In this configuration, since the learning data is generated by combining the target sound signal and the at least one type of the background sound signal, the learning data corresponding to various cases can be easily generated. Then, since the learning model is learned by using such learning data, the target sound signal and the background sound signal can be accurately separated from various sound source signals.

(3) In the signal processing device according to (1) or (2), each of the emphasized target sound signal and the sound source signal may be a time signal, and the adding unit may add the emphasized target sound signal and the sound source signal in a time domain.

In this configuration, since each of the emphasized target sound signal and the sound source signal is a time signal, and the emphasized target sound signal and the sound source signal are added in the time domain, the occurrence of distortion can be further suppressed.
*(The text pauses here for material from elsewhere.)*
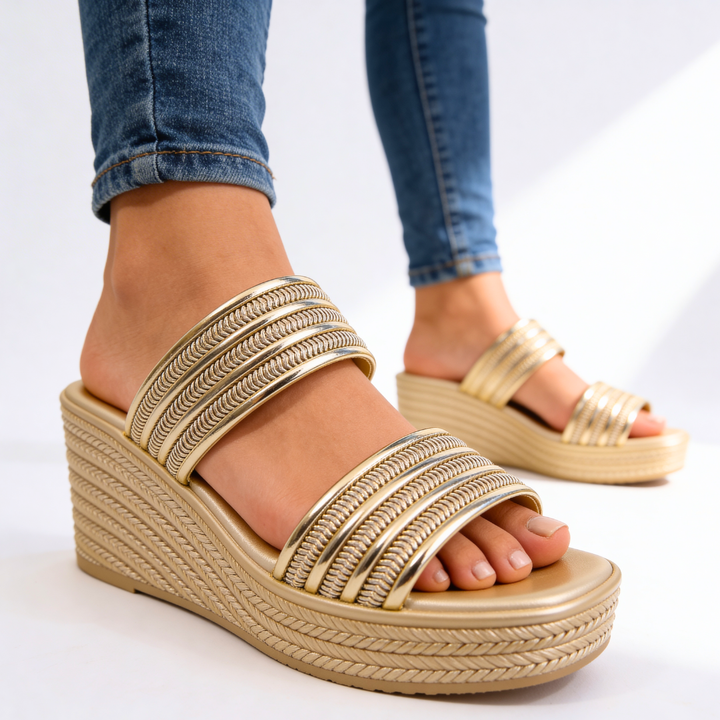 Portofino Sienna Sandals - 2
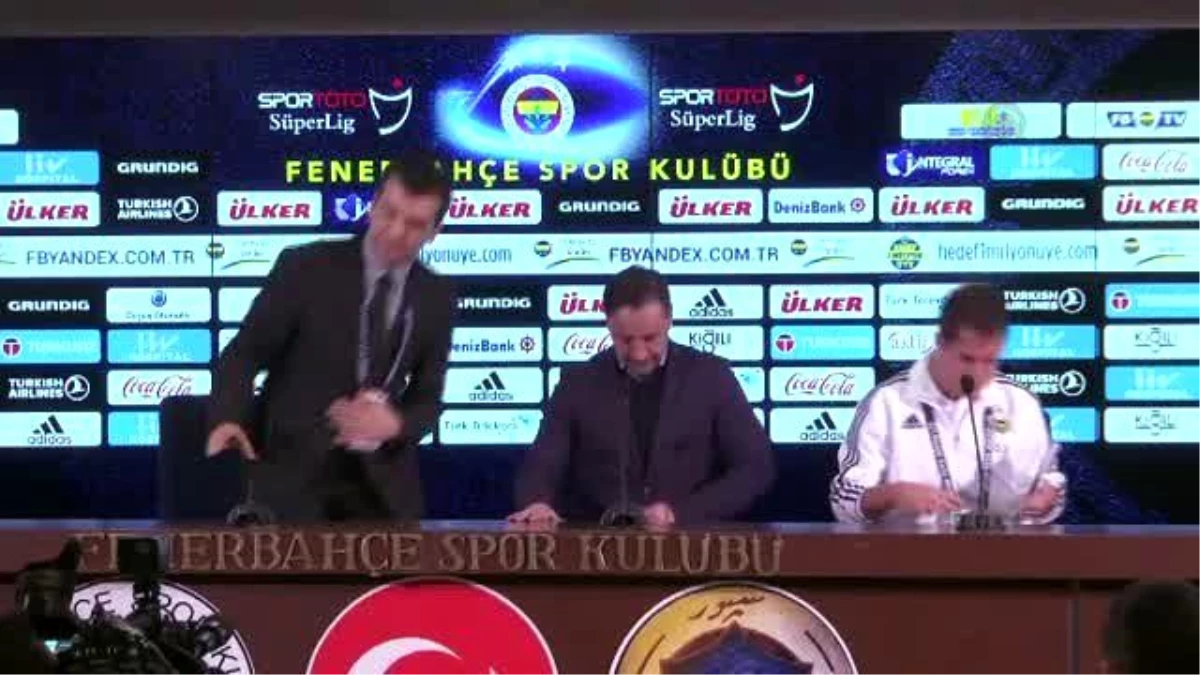 Fenerbahçe Teknik Direktörü Pereira (1)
(4) In the signal processing device according to any one of (1) to (3), the volume adjustment unit may generate the emphasized target sound signal by automatic gain control, and the automatic gain control may amplify the target sound signal when the volume of the target sound signal does not exceed a reference volume, and may attenuate the target sound signal to set a volume of the target sound signal to be smaller than the reference volume when the volume of the target sound signal exceeds the reference volume.

In this configuration, since the target sound signal that does not exceed the reference volume is amplified and the target sound signal that exceeds the reference volume is attenuated so as not to exceed the reference volume, it is possible to prevent the target sound signal from exceeding the reference volume while a small sound included in the target sound signal is emphasized.

(5) In the signal processing device according to any one of (1) to (4), the output unit may execute compressor processing of compressing the output signal so that a volume of the output signal does not exceed a maximum volume.

In this configuration, since the output signal is compressed so that the volume of the output signal does not exceed the maximum volume, it is possible to prevent clipping of the output signal.

(6) In the signal processing device according to any one of (1) to (5), the speaker may include an array speaker.

In this configuration, the output signal can be heard only in a predetermined area.

(7) In the signal processing device according to any one of (1) to (6), the target sound signal may be a speech signal indicating a voice uttered by a person.

Therefore, it is possible to avoid difficulty in hearing the speech signal in a noise environment.

(8) In the signal processing device according to any one of (1) to (6), the sound source signal may be an in-vehicle sound signal indicating an in-vehicle sound of a traveling mobile body, and the target sound signal may be a signal indicating a warning sound or a sound output from a car navigation system.

In this configuration, it is possible to avoid difficulty in hearing the warning sound or the sound output from the car navigation system while hearing the surrounding environmental sound in the mobile body.

(9) In the signal processing device according to any one of (1) to (6), the sound source signal may be an acoustic signal indicating sounds of a plurality of musical instruments, and the target sound signal may be a signal indicating a sound of a specific musical instrument among the plurality of musical instruments.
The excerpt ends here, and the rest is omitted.